Starting at the line that has "Supershape E-Titan Ski w/ PRD12 Binding" and stopping after the line that has "Agence immobilière de DELECOUR IMMOBILIER", reproduce the listing below exactly; omit everything else.

################

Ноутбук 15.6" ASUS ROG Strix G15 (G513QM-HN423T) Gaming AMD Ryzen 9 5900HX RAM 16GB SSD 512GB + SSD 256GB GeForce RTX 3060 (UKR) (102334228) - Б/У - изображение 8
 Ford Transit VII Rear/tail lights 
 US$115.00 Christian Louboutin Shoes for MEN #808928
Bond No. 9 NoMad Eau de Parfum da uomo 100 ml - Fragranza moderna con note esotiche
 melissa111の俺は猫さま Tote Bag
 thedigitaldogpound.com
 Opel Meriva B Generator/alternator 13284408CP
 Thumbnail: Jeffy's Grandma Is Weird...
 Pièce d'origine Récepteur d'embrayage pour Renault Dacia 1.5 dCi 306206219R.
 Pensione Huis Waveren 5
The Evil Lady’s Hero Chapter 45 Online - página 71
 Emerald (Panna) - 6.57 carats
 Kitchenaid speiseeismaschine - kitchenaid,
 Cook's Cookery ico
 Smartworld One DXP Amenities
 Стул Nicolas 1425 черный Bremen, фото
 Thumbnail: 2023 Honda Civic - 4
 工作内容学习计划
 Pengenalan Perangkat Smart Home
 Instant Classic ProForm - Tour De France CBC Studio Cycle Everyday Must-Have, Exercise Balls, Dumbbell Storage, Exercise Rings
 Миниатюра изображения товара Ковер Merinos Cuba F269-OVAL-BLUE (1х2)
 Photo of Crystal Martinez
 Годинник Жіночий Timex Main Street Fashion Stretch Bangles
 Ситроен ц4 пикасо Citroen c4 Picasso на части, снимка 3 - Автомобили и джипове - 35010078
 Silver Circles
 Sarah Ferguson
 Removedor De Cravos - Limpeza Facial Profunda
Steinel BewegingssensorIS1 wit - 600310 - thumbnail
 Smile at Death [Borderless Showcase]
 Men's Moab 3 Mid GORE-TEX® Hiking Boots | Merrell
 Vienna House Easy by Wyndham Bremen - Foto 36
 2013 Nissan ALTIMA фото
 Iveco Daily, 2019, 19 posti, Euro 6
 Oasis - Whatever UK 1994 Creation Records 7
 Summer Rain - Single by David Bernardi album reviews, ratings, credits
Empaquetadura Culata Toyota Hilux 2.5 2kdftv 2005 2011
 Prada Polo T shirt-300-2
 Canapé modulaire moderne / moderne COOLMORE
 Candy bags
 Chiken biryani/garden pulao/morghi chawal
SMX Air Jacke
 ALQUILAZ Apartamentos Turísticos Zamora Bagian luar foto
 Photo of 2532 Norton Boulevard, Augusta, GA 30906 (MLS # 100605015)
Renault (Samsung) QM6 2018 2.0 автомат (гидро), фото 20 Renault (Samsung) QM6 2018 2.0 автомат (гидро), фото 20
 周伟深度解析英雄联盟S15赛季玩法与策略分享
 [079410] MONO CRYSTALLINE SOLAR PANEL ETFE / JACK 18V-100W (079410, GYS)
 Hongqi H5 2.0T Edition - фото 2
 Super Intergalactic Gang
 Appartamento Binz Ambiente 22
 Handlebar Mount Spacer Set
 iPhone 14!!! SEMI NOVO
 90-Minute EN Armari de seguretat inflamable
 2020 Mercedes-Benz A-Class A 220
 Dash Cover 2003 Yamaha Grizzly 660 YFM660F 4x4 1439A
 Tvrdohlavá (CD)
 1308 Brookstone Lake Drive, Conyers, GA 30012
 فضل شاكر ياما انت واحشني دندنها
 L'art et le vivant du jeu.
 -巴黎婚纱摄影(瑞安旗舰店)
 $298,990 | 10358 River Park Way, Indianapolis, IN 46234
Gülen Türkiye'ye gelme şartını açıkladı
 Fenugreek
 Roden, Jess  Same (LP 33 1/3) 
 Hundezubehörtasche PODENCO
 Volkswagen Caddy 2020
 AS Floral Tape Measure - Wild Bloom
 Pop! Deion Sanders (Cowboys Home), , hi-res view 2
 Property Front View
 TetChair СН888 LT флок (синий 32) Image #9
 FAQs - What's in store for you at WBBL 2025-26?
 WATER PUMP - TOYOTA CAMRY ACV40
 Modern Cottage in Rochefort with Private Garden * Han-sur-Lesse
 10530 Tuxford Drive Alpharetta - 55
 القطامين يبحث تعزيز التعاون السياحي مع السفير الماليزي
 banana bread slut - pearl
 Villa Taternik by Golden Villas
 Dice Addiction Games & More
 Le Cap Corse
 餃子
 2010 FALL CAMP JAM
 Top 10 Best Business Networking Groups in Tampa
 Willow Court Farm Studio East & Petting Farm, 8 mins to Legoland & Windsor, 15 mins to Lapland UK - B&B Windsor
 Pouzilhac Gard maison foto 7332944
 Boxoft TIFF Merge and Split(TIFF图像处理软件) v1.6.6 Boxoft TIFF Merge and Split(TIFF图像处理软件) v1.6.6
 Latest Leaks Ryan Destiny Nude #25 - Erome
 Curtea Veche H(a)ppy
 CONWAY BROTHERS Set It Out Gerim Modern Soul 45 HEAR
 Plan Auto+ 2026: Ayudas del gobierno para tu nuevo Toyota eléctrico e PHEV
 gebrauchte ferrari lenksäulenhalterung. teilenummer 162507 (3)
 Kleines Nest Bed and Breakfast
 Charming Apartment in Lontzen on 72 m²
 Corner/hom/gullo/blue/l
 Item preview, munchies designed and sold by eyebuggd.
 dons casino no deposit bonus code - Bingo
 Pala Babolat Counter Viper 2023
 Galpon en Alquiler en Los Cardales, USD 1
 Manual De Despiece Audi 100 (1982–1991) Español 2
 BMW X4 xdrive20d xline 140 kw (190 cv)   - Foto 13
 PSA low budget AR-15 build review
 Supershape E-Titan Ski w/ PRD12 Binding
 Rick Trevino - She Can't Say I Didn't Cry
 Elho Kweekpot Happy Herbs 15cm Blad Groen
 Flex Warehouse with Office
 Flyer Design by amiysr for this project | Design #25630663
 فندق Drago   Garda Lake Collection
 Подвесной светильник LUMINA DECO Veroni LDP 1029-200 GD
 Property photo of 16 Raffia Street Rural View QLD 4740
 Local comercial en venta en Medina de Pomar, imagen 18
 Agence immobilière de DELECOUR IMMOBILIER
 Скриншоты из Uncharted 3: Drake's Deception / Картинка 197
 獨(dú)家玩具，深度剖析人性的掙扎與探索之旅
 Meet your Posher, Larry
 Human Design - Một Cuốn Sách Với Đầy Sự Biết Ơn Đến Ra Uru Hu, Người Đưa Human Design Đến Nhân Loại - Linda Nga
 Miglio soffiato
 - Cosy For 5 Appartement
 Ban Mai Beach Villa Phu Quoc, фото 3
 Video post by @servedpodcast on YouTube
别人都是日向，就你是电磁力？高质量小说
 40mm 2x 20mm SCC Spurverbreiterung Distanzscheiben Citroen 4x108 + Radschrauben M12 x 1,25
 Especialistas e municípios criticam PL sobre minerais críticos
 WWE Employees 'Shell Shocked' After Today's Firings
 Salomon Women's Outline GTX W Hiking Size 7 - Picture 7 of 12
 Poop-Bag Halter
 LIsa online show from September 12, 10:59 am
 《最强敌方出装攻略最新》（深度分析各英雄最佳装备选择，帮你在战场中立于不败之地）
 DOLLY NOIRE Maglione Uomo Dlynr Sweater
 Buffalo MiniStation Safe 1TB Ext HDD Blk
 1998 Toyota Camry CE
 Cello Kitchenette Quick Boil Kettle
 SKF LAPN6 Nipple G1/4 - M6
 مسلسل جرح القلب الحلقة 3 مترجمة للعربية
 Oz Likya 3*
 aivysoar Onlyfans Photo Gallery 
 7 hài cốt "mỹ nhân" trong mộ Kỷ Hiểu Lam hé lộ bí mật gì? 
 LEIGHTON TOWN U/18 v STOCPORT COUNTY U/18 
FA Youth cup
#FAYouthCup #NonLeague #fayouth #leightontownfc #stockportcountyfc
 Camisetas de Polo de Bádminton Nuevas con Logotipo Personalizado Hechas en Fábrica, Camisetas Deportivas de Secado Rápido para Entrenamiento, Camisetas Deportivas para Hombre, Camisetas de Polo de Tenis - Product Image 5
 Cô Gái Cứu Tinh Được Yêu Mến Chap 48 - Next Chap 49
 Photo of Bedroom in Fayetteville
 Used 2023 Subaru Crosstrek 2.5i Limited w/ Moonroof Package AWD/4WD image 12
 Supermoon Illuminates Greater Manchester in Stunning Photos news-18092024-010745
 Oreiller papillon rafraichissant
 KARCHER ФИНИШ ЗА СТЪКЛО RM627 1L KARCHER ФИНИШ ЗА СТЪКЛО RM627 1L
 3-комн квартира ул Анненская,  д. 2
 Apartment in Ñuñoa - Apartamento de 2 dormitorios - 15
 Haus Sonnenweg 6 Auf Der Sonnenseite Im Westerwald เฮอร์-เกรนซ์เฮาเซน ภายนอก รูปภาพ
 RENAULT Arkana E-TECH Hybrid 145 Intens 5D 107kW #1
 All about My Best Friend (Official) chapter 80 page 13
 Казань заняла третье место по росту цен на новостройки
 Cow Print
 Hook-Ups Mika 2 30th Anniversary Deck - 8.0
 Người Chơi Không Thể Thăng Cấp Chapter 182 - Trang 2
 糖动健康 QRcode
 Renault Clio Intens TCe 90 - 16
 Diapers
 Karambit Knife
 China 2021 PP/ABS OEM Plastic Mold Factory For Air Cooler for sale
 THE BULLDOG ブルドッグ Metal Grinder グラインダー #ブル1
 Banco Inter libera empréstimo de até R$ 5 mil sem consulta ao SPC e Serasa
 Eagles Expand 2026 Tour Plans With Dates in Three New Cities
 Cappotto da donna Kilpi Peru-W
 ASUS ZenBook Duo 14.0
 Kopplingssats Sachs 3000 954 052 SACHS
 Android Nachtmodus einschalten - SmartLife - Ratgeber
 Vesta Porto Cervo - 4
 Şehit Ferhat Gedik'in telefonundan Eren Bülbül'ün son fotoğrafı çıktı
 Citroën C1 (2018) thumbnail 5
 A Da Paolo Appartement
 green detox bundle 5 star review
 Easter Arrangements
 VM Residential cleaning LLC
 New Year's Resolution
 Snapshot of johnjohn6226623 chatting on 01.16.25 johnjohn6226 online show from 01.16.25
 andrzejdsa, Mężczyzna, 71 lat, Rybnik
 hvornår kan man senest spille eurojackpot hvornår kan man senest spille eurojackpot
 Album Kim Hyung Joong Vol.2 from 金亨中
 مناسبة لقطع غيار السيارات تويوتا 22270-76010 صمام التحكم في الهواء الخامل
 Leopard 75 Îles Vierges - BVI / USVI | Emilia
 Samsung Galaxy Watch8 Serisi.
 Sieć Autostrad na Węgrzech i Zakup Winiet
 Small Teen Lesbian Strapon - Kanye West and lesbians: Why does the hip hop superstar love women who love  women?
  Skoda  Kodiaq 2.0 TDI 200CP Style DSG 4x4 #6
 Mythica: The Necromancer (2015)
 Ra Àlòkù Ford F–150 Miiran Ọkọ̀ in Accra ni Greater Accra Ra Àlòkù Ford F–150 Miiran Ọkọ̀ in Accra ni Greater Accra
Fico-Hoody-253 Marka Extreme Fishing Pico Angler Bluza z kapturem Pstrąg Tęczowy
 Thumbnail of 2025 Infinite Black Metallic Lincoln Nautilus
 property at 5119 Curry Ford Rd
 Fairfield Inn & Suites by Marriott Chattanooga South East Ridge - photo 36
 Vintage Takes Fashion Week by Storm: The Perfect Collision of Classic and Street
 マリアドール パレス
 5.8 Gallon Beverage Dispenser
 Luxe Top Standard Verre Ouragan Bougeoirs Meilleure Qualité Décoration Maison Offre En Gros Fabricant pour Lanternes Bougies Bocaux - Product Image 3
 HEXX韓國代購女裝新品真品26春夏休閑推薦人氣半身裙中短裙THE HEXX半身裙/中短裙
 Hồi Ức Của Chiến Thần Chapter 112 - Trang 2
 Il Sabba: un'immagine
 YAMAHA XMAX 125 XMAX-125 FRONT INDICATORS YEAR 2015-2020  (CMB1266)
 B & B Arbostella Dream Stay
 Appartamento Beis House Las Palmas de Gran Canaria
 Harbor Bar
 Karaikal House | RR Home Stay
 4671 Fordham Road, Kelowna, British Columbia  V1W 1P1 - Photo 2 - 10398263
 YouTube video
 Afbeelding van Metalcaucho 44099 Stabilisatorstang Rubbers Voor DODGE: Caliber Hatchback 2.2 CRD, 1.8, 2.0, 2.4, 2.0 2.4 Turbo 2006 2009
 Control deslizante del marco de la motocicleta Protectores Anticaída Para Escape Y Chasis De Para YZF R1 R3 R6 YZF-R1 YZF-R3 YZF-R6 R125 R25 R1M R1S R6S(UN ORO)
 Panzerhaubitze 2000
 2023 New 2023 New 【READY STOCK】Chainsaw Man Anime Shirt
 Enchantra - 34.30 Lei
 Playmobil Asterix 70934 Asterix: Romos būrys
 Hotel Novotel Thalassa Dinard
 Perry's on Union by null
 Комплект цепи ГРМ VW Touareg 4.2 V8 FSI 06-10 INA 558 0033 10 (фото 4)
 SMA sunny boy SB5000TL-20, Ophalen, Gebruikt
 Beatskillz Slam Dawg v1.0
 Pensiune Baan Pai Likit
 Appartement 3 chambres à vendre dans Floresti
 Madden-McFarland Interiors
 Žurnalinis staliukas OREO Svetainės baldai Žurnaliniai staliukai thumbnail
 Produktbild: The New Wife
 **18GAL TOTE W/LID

################

ANSWER FOR THIS EXERCISE:
 Supershape E-Titan Ski w/ PRD12 Binding
 Rick Trevino - She Can't Say I Didn't Cry
 Elho Kweekpot Happy Herbs 15cm Blad Groen
 Flex Warehouse with Office
 Flyer Design by amiysr for this project | Design #25630663
 فندق Drago   Garda Lake Collection
 Подвесной светильник LUMINA DECO Veroni LDP 1029-200 GD
 Property photo of 16 Raffia Street Rural View QLD 4740
 Local comercial en venta en Medina de Pomar, imagen 18
 Agence immobilière de DELECOUR IMMOBILIER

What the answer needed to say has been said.